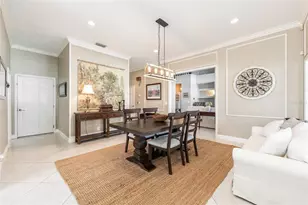 2411 SE 27th St, Ocala, FL 34471 - Photo 19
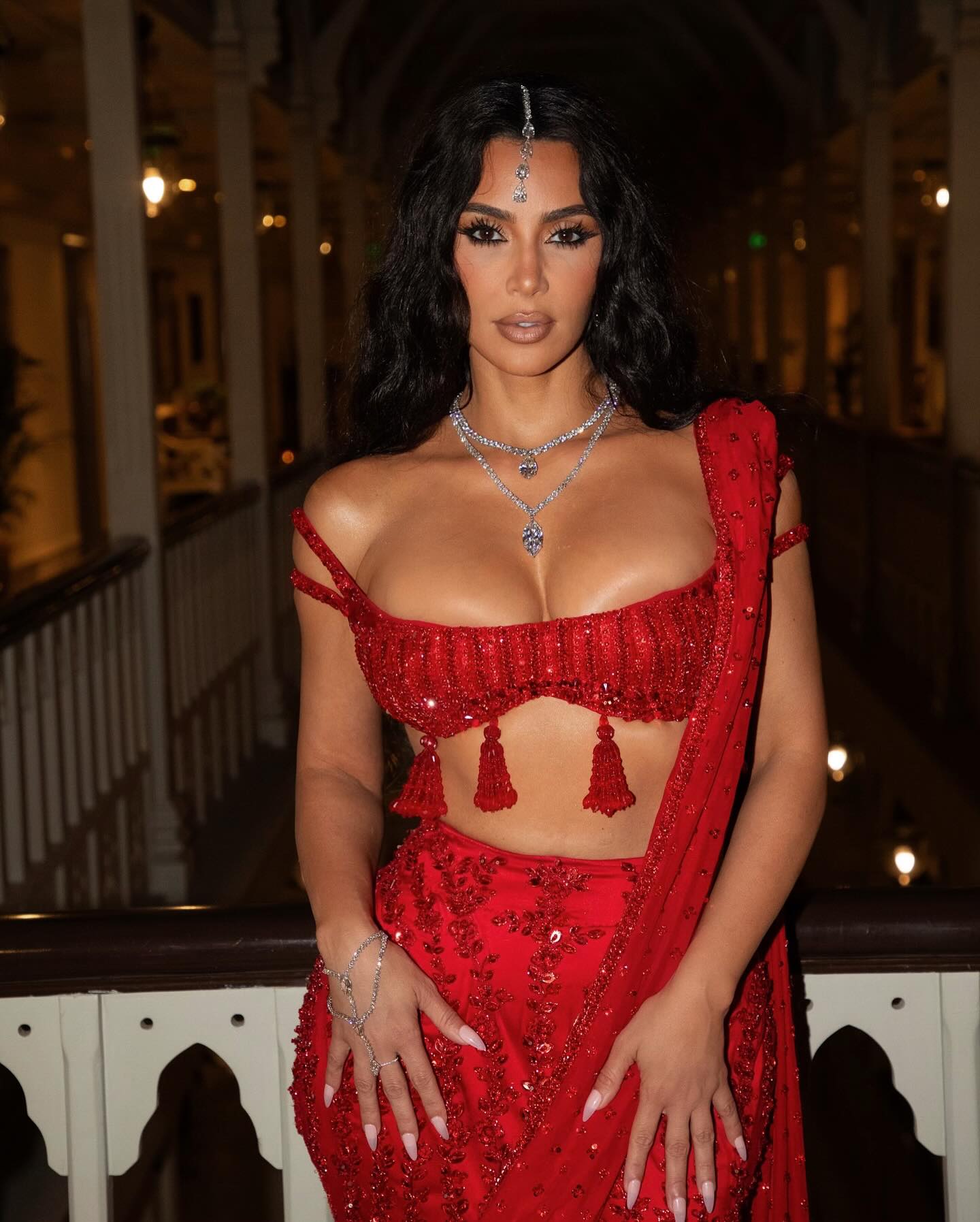 Raffaella porno video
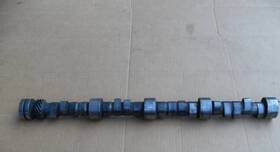 3863144 Gm 3144 Camshaft Bbc 1965 66 67 Chevelle Camaro Corvette 396 425hp 375 Cam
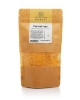 Poza cu Pesmet roşu, Bio Market, 250g
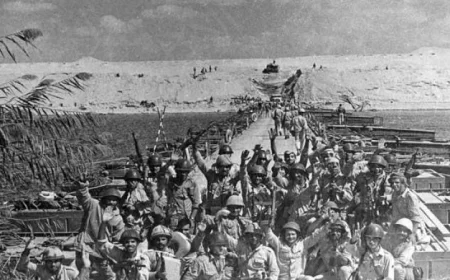 اكتشف الذات في أكتوبر ندوة العالي للسينما تحتفل بانتصار أكتوبر المجيد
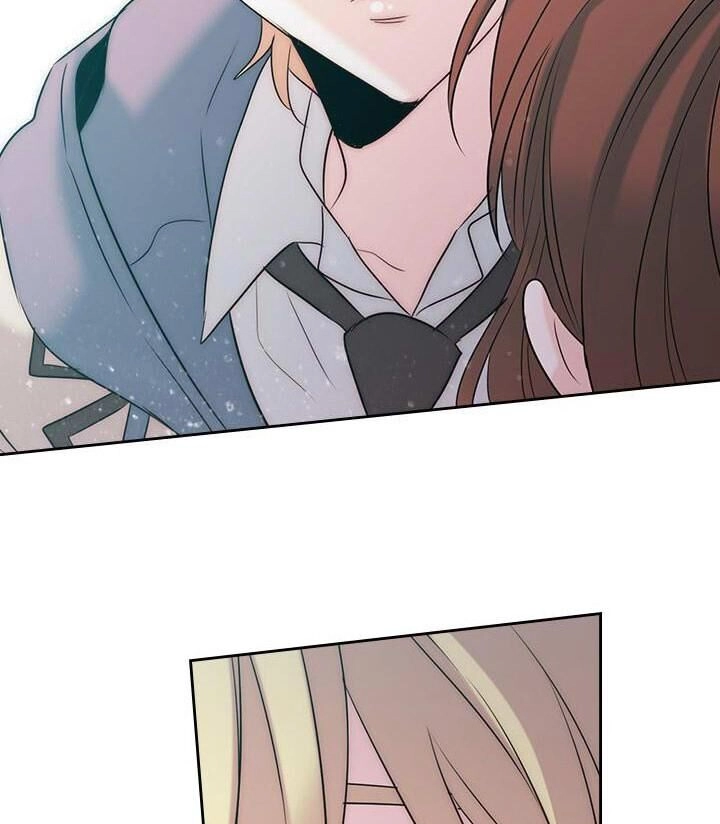 Insomnia Chapter 33 page 59 - 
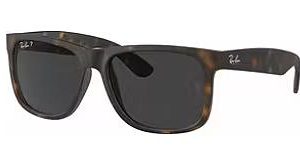 RAY-BAN Justin RB4165 865/87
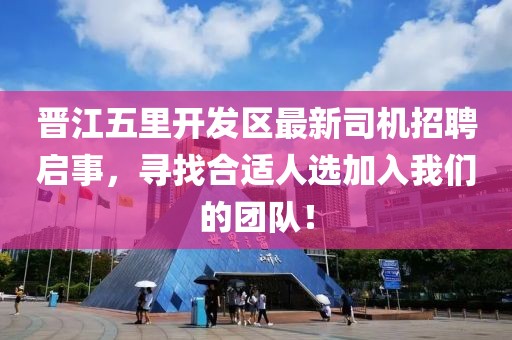 缱绻成歌 第10页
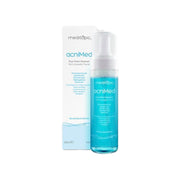 Meditopic Acnimed Cleanser 200 ml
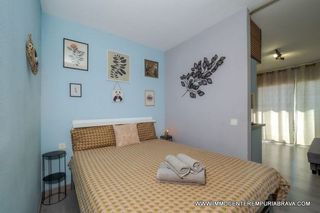 Piso en venta en Empuriabrava en Castelló d´Empúries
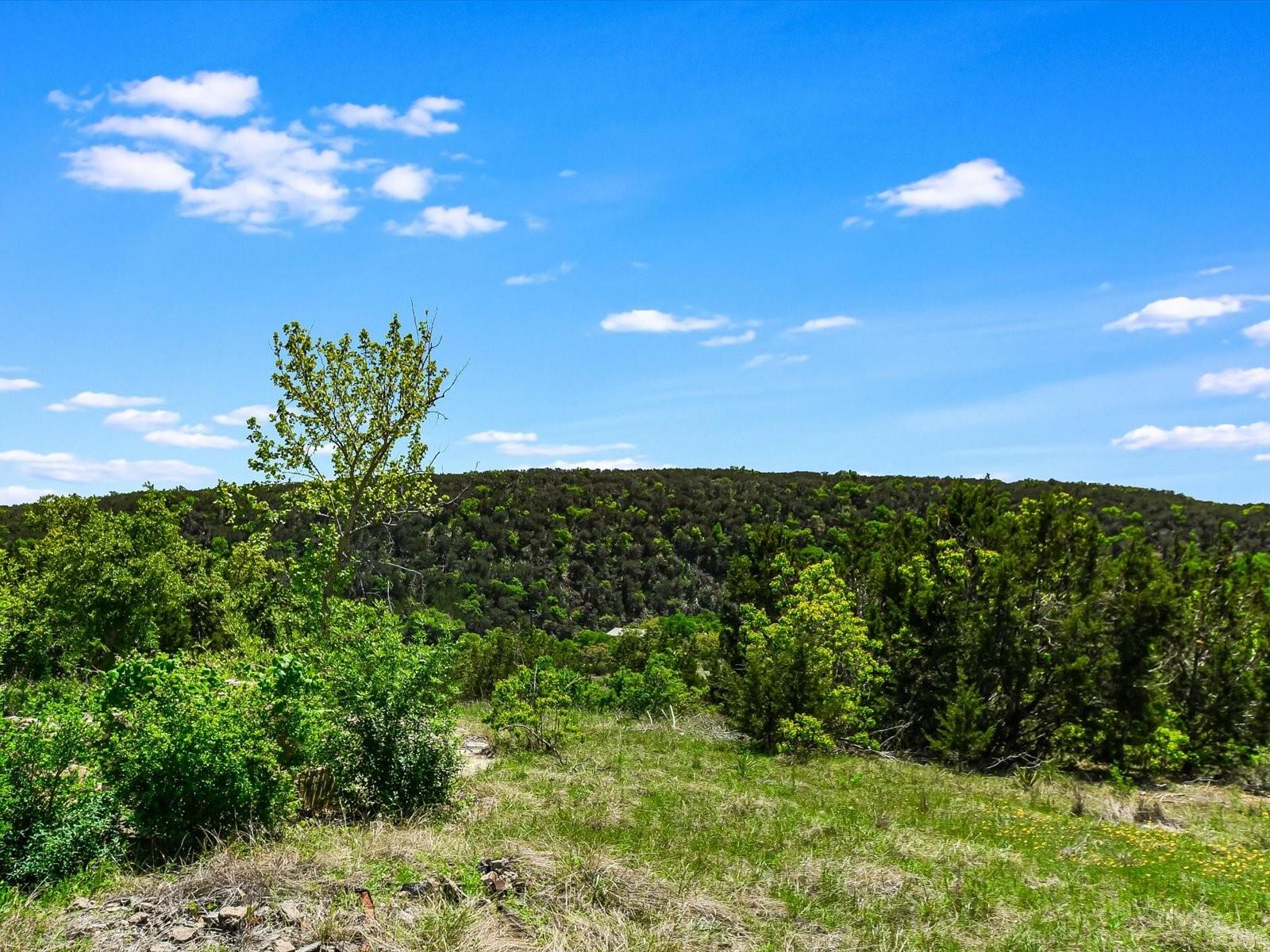 001 Red Hawk Rd, Wimberley, TX 78676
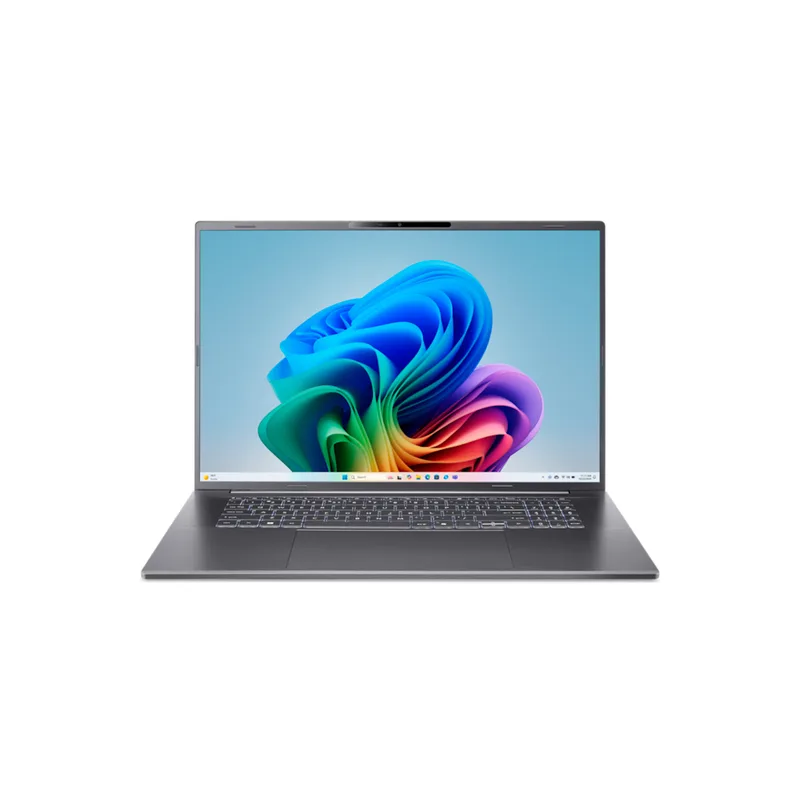 Acer Aspire 18 AI A18-I71M-9024 CU9 386H/16GB/512SSD/W11 Home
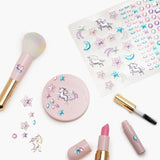 Super Smalls Unicorn MakeUp Play Kit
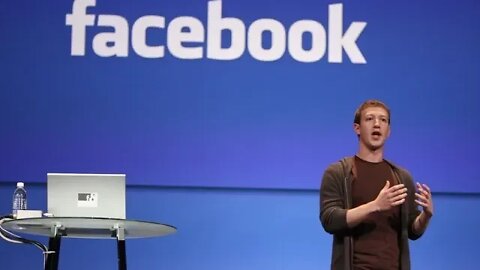 Facebook Loosens Standards Against "Fake News"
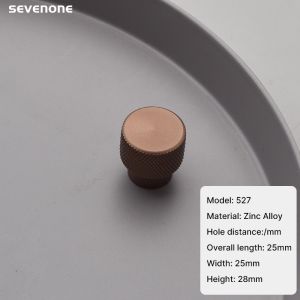 มือจับตู้ มือจับลิ้นชักสแกนดิเนเวีย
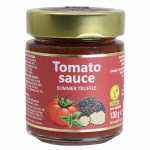 ZIGANTE Tomatikaste suvetr&uuml;hvlitega 130 g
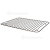 Amica Grille De Four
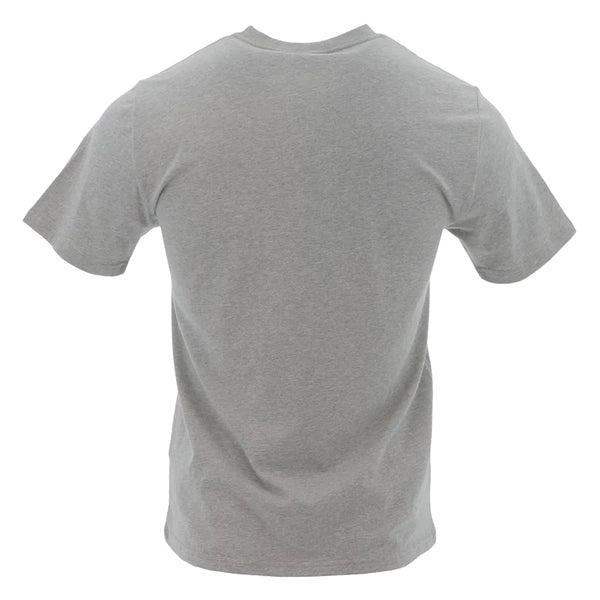 Polo Ralph Lauren Short-sleeve Cotton Jersey V-neck Big Kids Style : 323832906011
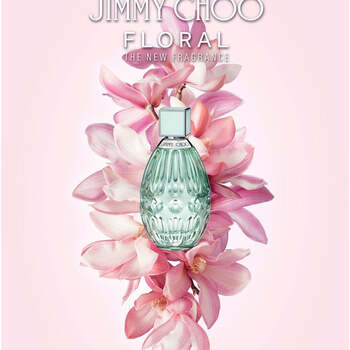 Floral EDT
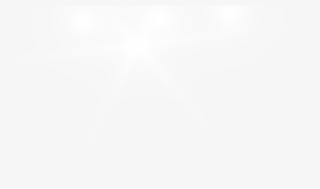 Subheader - Light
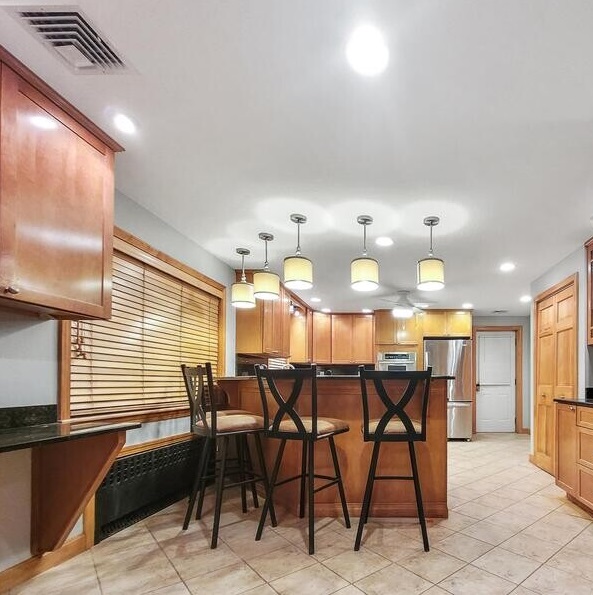 3 bed, 1 bath apartment for rent at 26 Gladstone St Unit 1, Everett — photo 1 of 13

○ ○ ○ ○ ○

> **Your goal**
Your reply should contain only an exact copy of the lines from the beginning of the material through the line with "Insomnia Chapter 33", both ends included, with the pictures removed.

> **Answer box**
 2411 SE 27th St, Ocala, FL 34471 - Photo 19
 Raffaella porno video
 3863144 Gm 3144 Camshaft Bbc 1965 66 67 Chevelle Camaro Corvette 396 425hp 375 Cam
 Poza cu Pesmet roşu, Bio Market, 250g
 اكتشف الذات في أكتوبر ندوة العالي للسينما تحتفل بانتصار أكتوبر المجيد
 Insomnia Chapter 33 page 59 - 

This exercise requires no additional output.